Wednesday, March 2, 2011

Abortion and Society

I ran across an absolutely fascinating article in the Huffington Post, by David P. Gushee, an evangelical Christian academic (yes, there is such an animal!) on abortion, law and morality. Here is the link: http://www.huffingtonpost.com/dr-david-p-gushee/abortion-culture-and-the-_b_813002.html though I don’t know if it will be still there when you access it. Here is the author’s HuffPo bio page and blog list: http://www.huffingtonpost.com/dr-david-p-gushee since the article may be available there later. This one is near the top of the “I wish I’d said that” file.


Dr Gushee makes the case that three trends in Western culture make the legal battle over abortion, while not irrelevant, unlikely to solve the basic problem in Western cultures. The trends are:

1) “The collapse of any cultural assumption that sex is to be reserved for marriage and that marriage is the best context in which to conceive and raise children.”

2) “The devolution of male-female relationships from a striving for a mutual lifetime covenant to short-term use of one another for individual sexual and emotional needs.”

3) “The overall transition from a focus on doing what is right to an emphasis on my rights.”

I hate to have to say it, but this article deepened even further my fear and hopelessness for American society. I can see what he points out, especially since in my misguided youth I helped the growth of these trends. Sigh, more guilt. Having seen and lived a better way since then, I greatly regret my early embrace of ideas 1 and 2. But 3 is arguably the most critical, and as Dr. Gushee points out, has been growing for much longer.
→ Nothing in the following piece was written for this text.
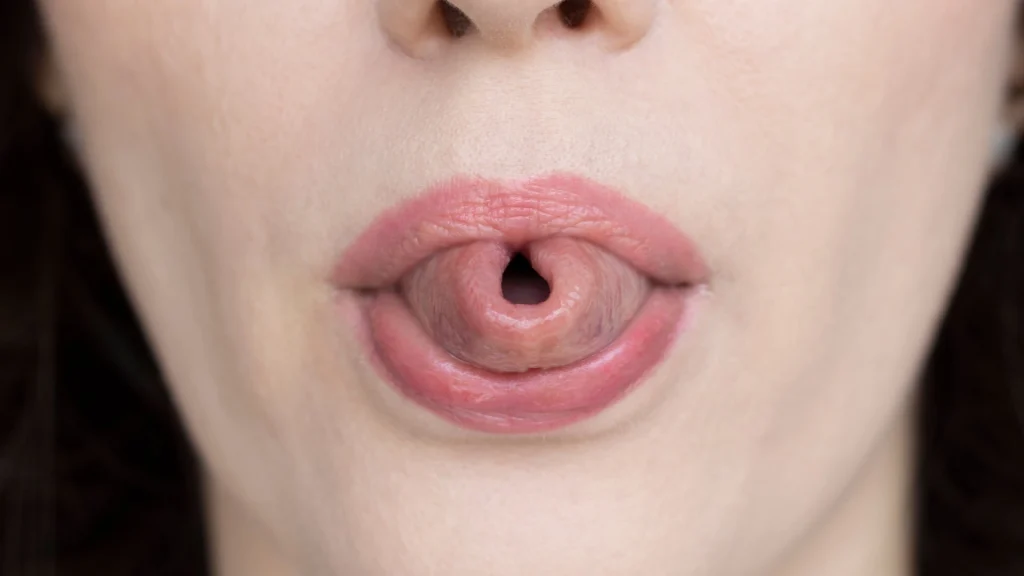 Adskillige har undret sig: Derfor er det kun nogle mennesker, der kan bøje deres tunger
The idea of liberty, that everyone should be free to live a life of their own choosing, goes back to at least the eighteenth century Enlightenment movement. It’s pretty hard to argue with, especially considering the thought prevailing before then: that everyone was either free or slave. A lot of Western thought, at least, taught or implied that one’s estate was divinely ordained. You don’t like being a slave? Hard cheese, property. Think you know better than God? Dr. Gushee expressed it this way:

"My claim here is that the western intellectual heritage -- I speak especially of historic Christianity and Judaism -- trained people for a very long time to orient their lives around living rightly, as right living was prescribed by their faith. There was a given moral framework to the universe and our responsibility was to fit our lives to that framework, which, of course, these faith traditions believed came from God. "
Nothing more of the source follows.